Baltimore’s Everyman Theatre has announced a 2012-2013 season which will close down its 1727 North Charles Street venue with the memory of war, and then inaugurate its tenure at its new downtown Inner Harbor location on 315 West Fayette Street with a series of domestic dramas and comedies, full of strategy and explosiveness.
The company begins its season with Donald Margulies’ Time Stands Still, in which a photojournalist injured in Iraq and her shell-shocked journalist lover struggle over whether they will return to the place where they got their wounds and their livelihood. DCTS’ Andrew Lapin noted that “[p]laywright Donald Margulies roots his characters, our eyes and ears to war, in a touching interpersonal drama.” Time Stands Still will run from August 31 to September 30 of this year.
War gets a much gentler treatment in Heroes, Tom Stoppard’s translation of Gerald Sibleyras’ Le Vent des Peupliers. This is the story of three aging veterans of the first World War, attempting to recapture their youth while living in a retirement home in late 1950s France. DCTS, reviewing the play three years ago, said that “It is witty; its characters are agreeably tart; it is a little bit sentimental; and it has the decency to avoid a clichéd dramatic climax.” Heroes will run from October 26 to November 25.
Heroes will close down Everyman’s Charles Street location, and the company will inaugurate its new space with Tracy Letts’ incendiary August: Osage County. Long-simmering family dysfunction explodes into all-out warfare in this dark comedy, which DCTS’ Hunter Styles calls a “meaty, disquieting chronicle of loss and tortured love” in which “every brutal, hot-blooded scene in this three-act opus feels like it’s been tightened with a crescent wrench.” August: Osage County will run from January 25 to February 17, 2013.
No sooner does August: Osage County close than Everyman presents God of Carnage, Yasmina Reza’s dramedy about two Uppy couples (i.e., Yuppies who are no longer young) who try to be civilized about a fight between their children, and fail miserably. DCTS’ Susan Galbraith said, “God of Carnage feels like a Who’s Afraid of Virginia Woolf for the 21st century. The characters are better dressed, finer housed, super toned, and a whole lot funnier. But playwright Yasmina Reza argues that the same god still reigns, and that under the surface we are still primitives. Scratch us and we don’t bleed, we begin to hurl things at each other.” God of Carnage will run from March 15 to April 7 of next year.
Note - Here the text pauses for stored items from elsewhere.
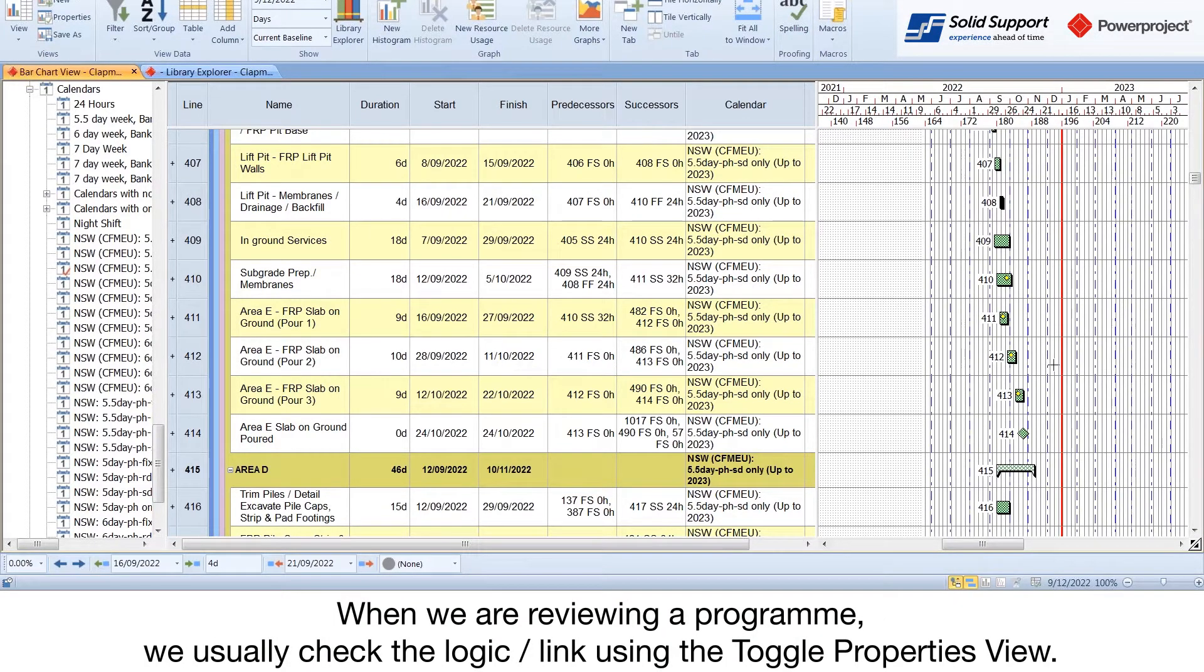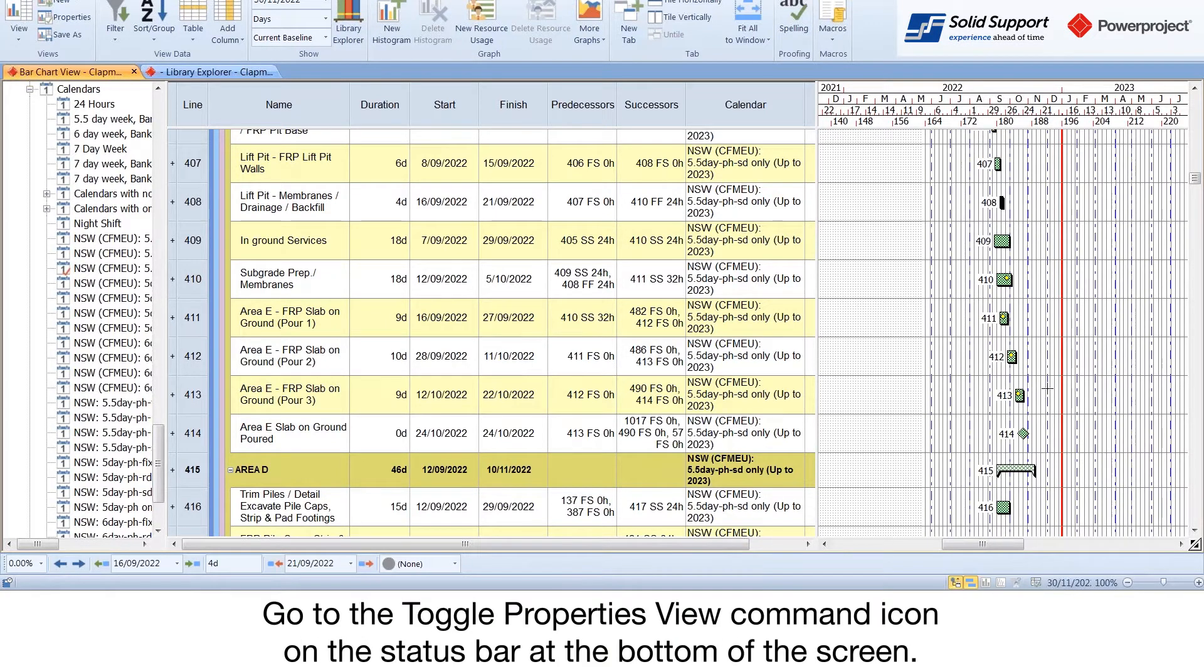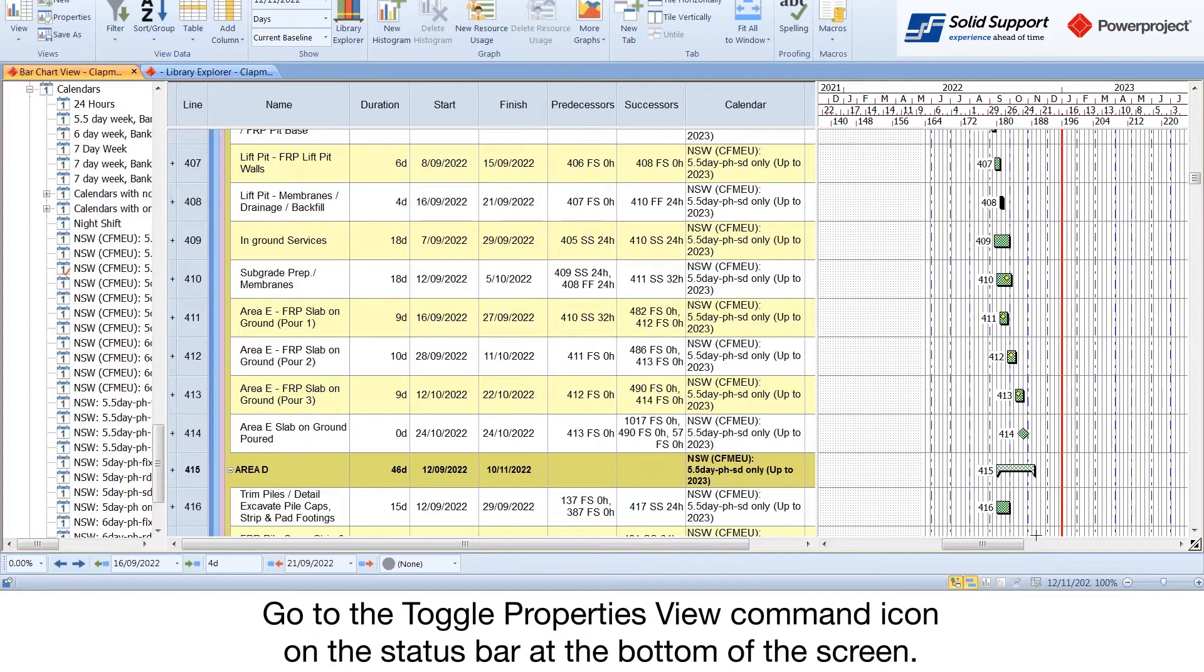When we are reviewing a program, we usually check the logic link using the toggle properties view. Go to the toggle properties view command icon on the status bar at the bottom of the screen.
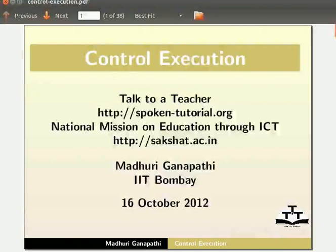Hello everybody, welcome to this tutorial on Control Execution in KTurtle.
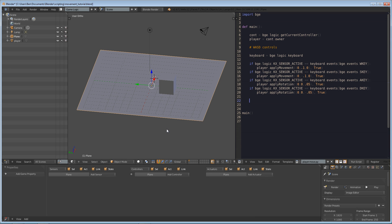Hello and welcome to this tutorial. My name is Benjamin Morgan and in this tutorial I'm going to teach you guys some basic input scripting from the mouse.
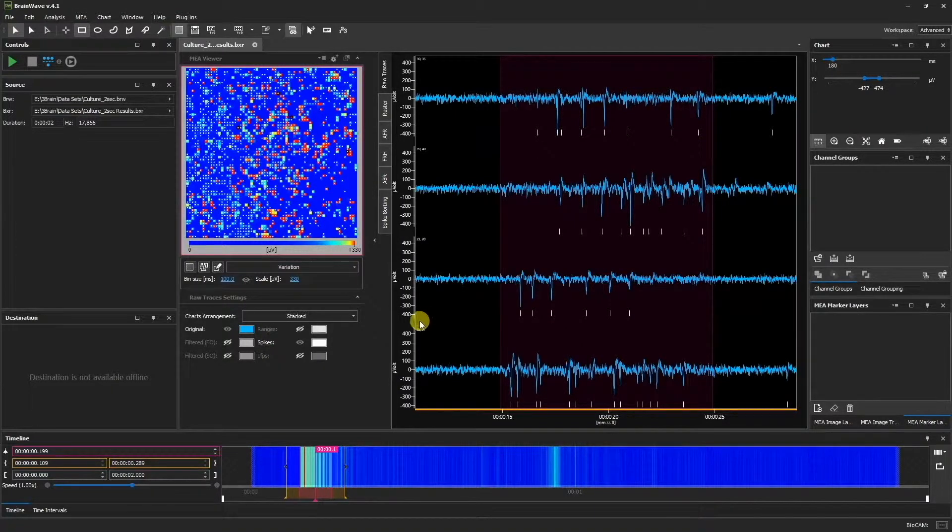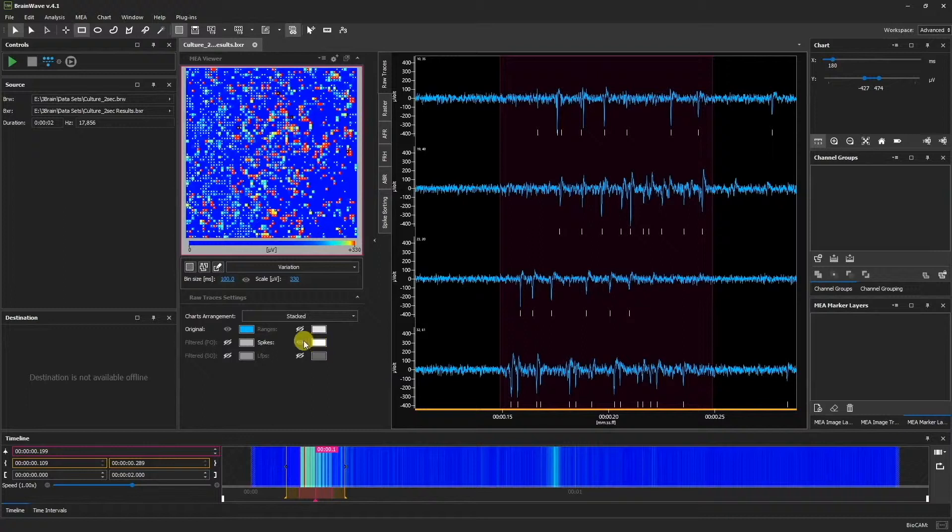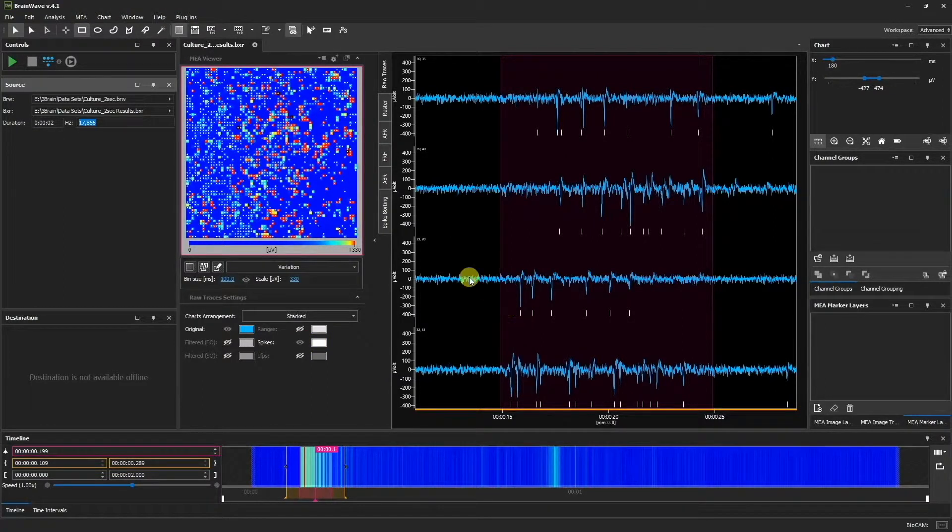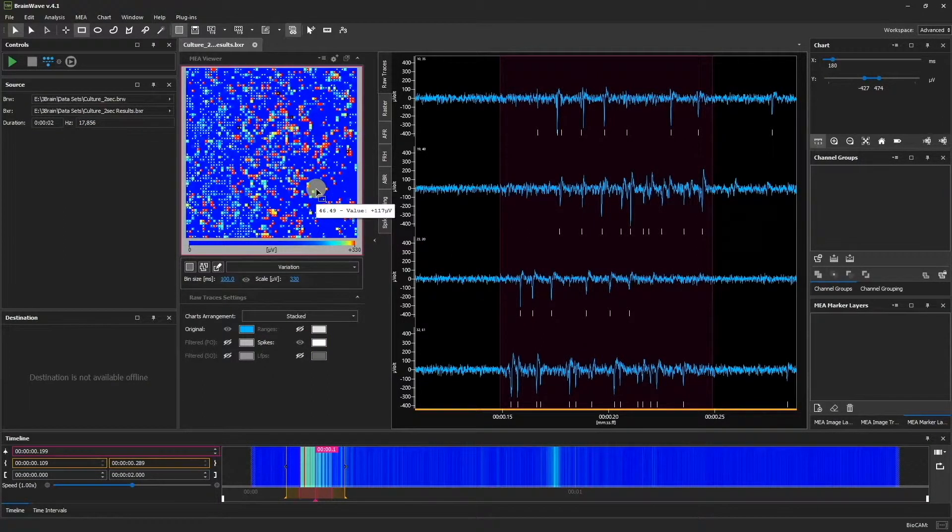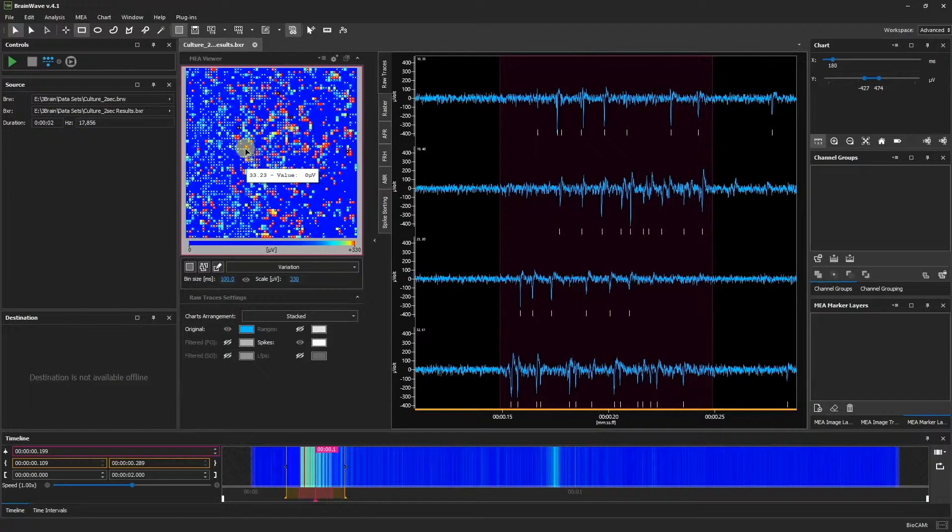If you go to the Raw Traces settings and click the eye next to Spikes, we can also see the spikes in the MEA Viewer color map. Each spike is represented by a white pixel.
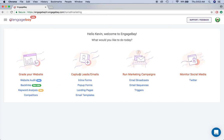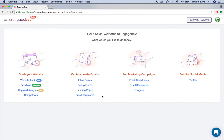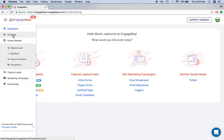You can also capture leads and emails. EngageBay allows you to create various forms and landing pages for your website. You can also create email templates to help you with email marketing campaigns, and then you can run those marketing campaigns or broadcasts straight from EngageBay. Part of how you take advantage of these email marketing tools is by importing your contacts list into EngageBay.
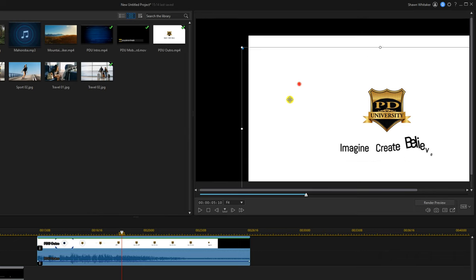There are going to be times when you want to save your project so you don't have to start over from scratch. Go up to file, then save project as, select the location where you want to save it, give it a name, and click save. This saves your project to a file that can only be opened using PowerDirector, so you can stop working on it and come back to finish it later.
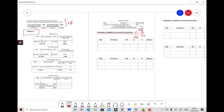The first debtor is Miss Linda. We write down her name and enter January 1 as the date. In the particular column we write 'Balance BF', and the amount of 5,000 is placed in the balance column.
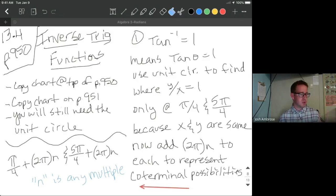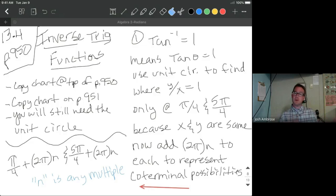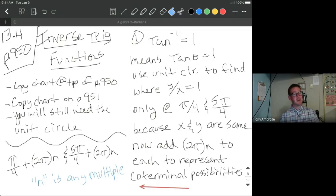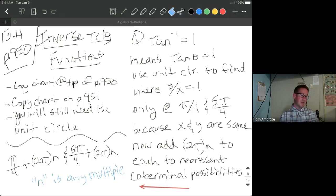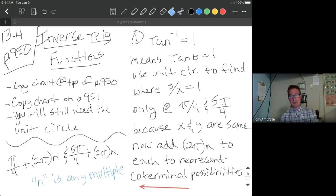We are in section 4, still plugging away at chapter 13. We're doing inverse trig functions — this is the last section we need to cover. We'll do a Zoom review before your tests, so make sure you're checking Google Classroom. You'll be on page 950, and we are going to be referencing consistently back to the book. You're still going to need to use the unit circle, so maybe you want to have that page tabbed.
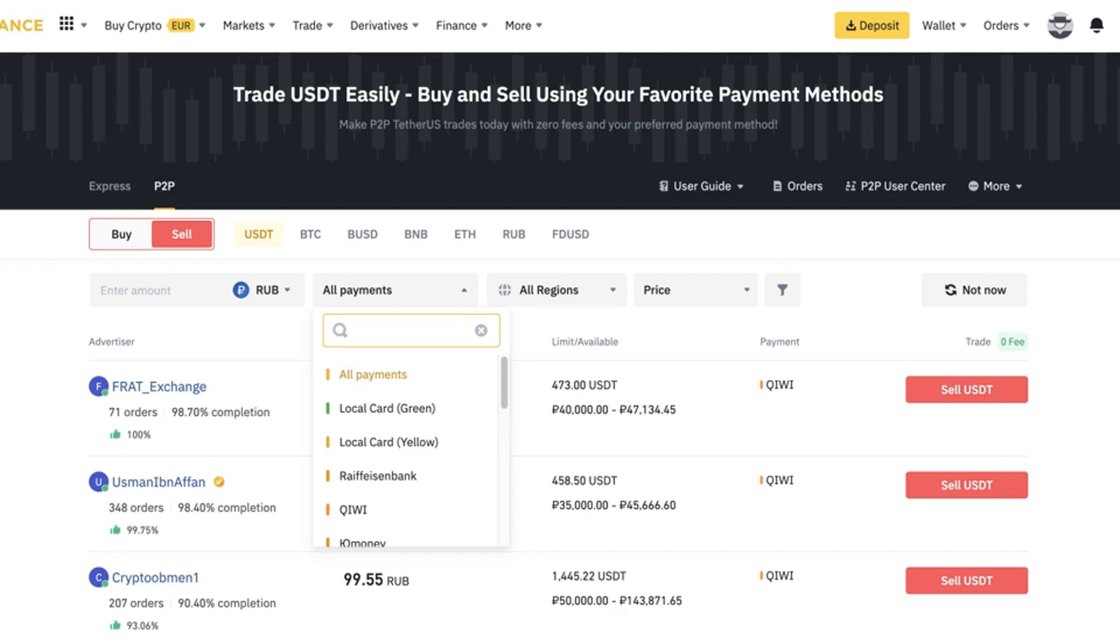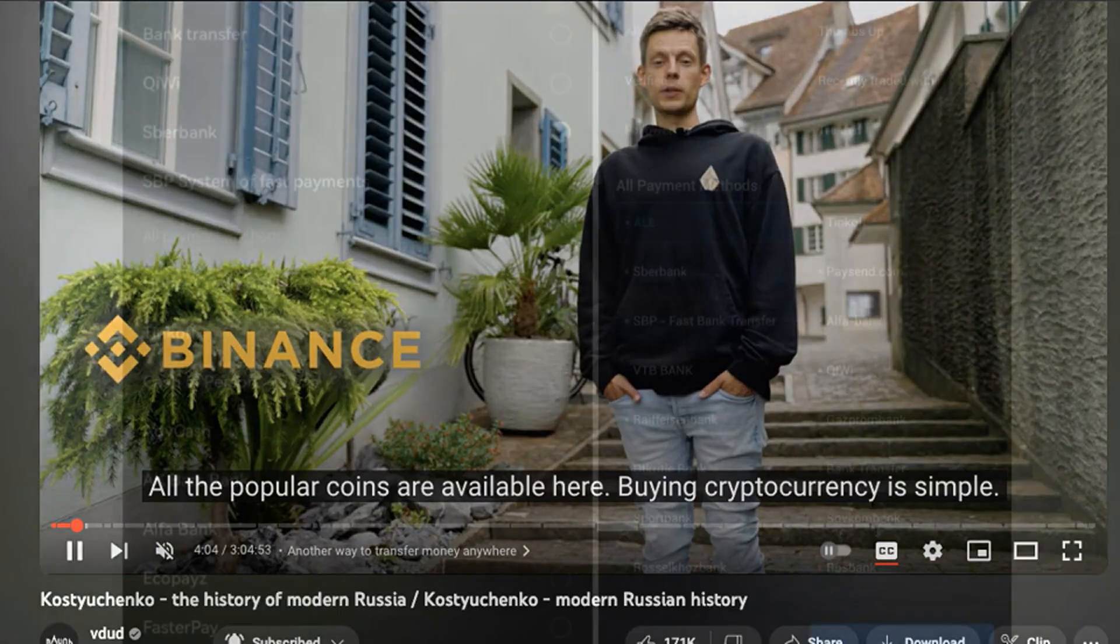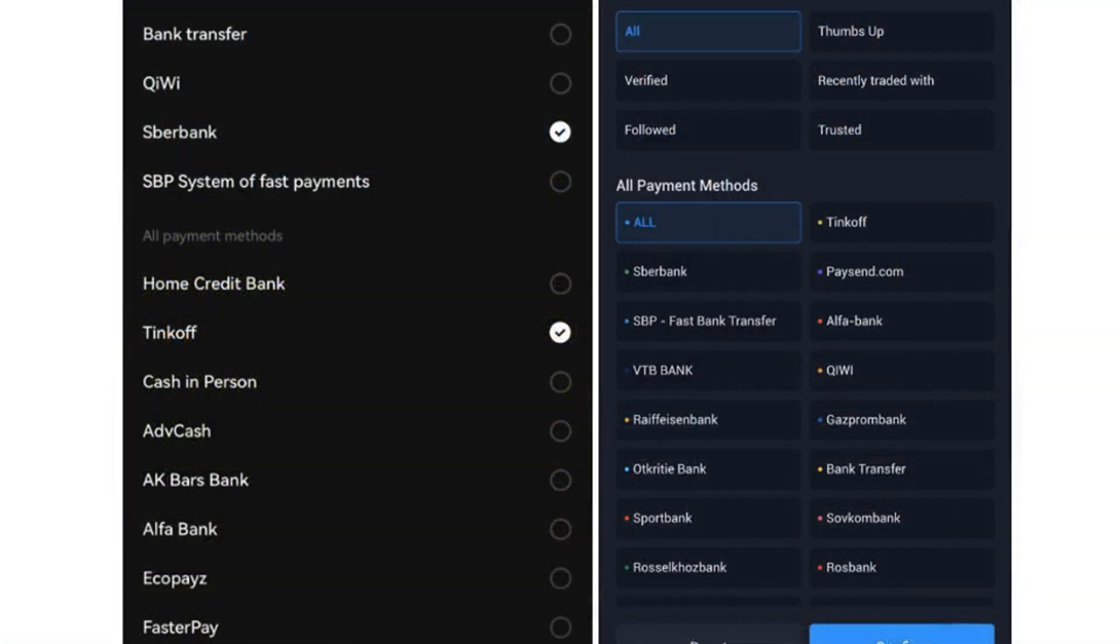On August 23, multiple local news sources reported that Binance peer-to-peer has renamed some of its troubled payment options for withdrawals and deposits, namely the sanctioned Russian banks like Tinkov and Rosebank. The peer-to-peer exchange replaced the bank's names Tinkov and Rosebank with terms like yellow and green cards.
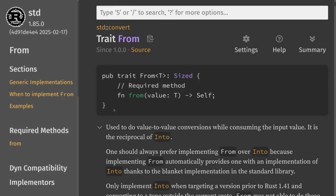The `from` and `into` traits are generic traits that you see quite often in Rust code. To implement the `from` trait, you'll need to implement a function called `from`. This trait is generic — it takes in any data type called T, which is passed into the function `from`. Inside, you'll need to convert this data type T into `self`, the data type that implements the trait.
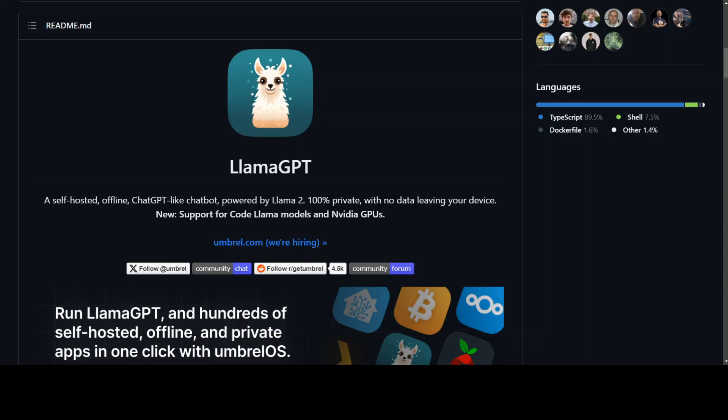In this video, I am going to show you how to locally install LlamaGPT. LlamaGPT is 100% private, self-hosted, offline chat GPT-like chatbot which is quite easy to install and use.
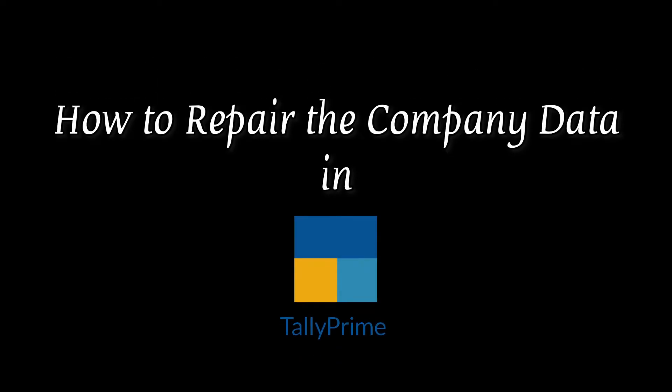Hi, today we will learn how to repair the company data.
On April 26, Suzan-Lori Parks’ Topdog/Underdog, the 2002 Pulitzer Prize-winner for drama, will open. This is a story of two brothers, named Lincoln and Booth by their cynical parents, who live together in a tawdry apartment while trying to support themselves. Lincoln plays his namesake in an arcade game in which spectators are invited to shoot him; Booth is a professional shoplifter who hopes to graduate to operating a three-card monte hustle. Charles McNulty of the Los Angeles Times calls this play a “propulsive two-hander” and a “compelling drama”. Topdog/Underdog will play until May 19.
Everyman will close its 2012-2013 season with an updated classic – George Farquhar’s The Beaux’ Stratagem, adapted collaboratively across the years by Thornton Wilder and Ken Ludwig. (Wilder began the adaptation in 1939 but died before he could finish; his estate asked Ludwig to finish the job, and he did.) This is a story of two young men who masquerade as master and servant while traveling the country looking for female companionship; the two young women they meet; and a bevy of rascals and lunatics, including one woman who deludes herself into believing that she is a great healer, with hilarious – and fatal – results. The Washington Post’s Peter Marks called the updated version, “charming” and “funny” and said “‘The Beaux’ Stratagem,’ as they say, ‘plays.’ It emerges from its extreme makeover with a generous new lease on lunacy.” The Beaux’ Stratagem will run from June 7 to the 30th.